Или взять чудеса, способности всякие необычные, колдовское и странное — как у Бабтони. Захотел — дождик вызвал, захотел — грозу. Когда читаешь про волшебство в книгах, оно все складно получается — выходит, стоит только захотеть, и можно любую сложность волшебством побороть. Любую рану в момент затянуть — просто чудом. А вот лежит твоя бабушка — белая как мел, — и все ее волшебство оказывается никуда не годным, его можно забыть, а нужны в этот момент только жгут и подорожник. И Ринка.

Глаза закрываются — Ринка не хочет, не хочет спать, ей нужно сторожить сон Бабтони, но глаза закрываются. Это тишина закрывает их. Она обволакивает Ринку медовым облаком, убаюкивает, качает на гамаке сна, гладит по голове мягкой ладонью — а ладонь пахнет Бабтониной рукой, лавандой и степным разнотравьем. Спи, спи, тишина поможет, теперь она сама, сама все сделает, со всем справится, все вылечит. Спи, маленький часовой, спи, часовым тоже нужен отдых…

Проснулась Ринка рывком — и сразу же испугалась: сколько она проспала? Почему заснула? Все проворонила? Бабтоню прошляпила?

Солнце бронзовыми квадратами лежало на полу — будто ничего вчера не было, яблони за окнами снова из черных превратились в зеленые. Ринка побежала на терраску, боясь посмотреть, что там, и зная — бежать надо все равно быстро, даже если и страшно.

Бабтоня не лежала, а сидела на диванчике и читала старую газету, из тех, что валялись на журнальном столике.

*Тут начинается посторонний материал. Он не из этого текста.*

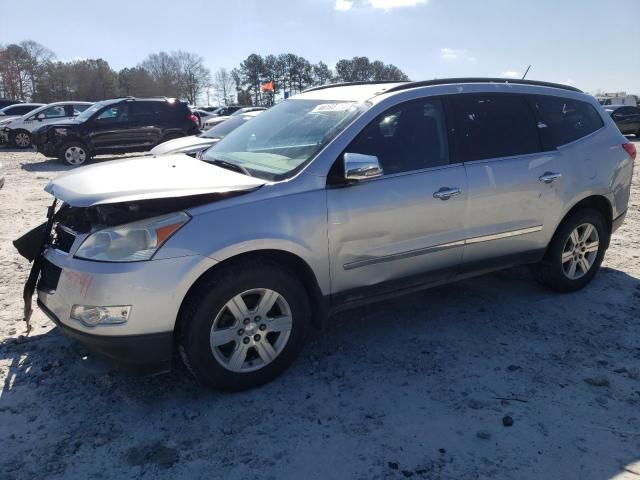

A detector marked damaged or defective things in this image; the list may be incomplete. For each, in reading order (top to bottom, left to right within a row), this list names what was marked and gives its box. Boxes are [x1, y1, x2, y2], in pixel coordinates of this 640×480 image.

broken headlight [74, 211, 189, 262]
exposed headlight assembly [74, 211, 189, 262]
damaged front end [13, 189, 248, 336]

Она обрадовалась Ринке, будто давным-давно не спала.

— Доброе утро, детка! Будь добра, сделай мне кофе, — сказала Бабтоня, еще бледная, похудевшая и ставшая будто бы меньше за эту ночь. И потом, взгляну в тревожное Ринкино лицо, добавила: — Я думаю, все теперь будет хорошо.

И она никогда еще Ринку не обманывала.

За этот долгий день Ринка научилась уйме полезных вещей: варить куриный бульон — он помогает больным, если у них мало сил, снимать пенку, когда варишь суп, мелко-мелко резать укроп, мыть большие чугунные сковородки добела, жарить лук и много чего другого.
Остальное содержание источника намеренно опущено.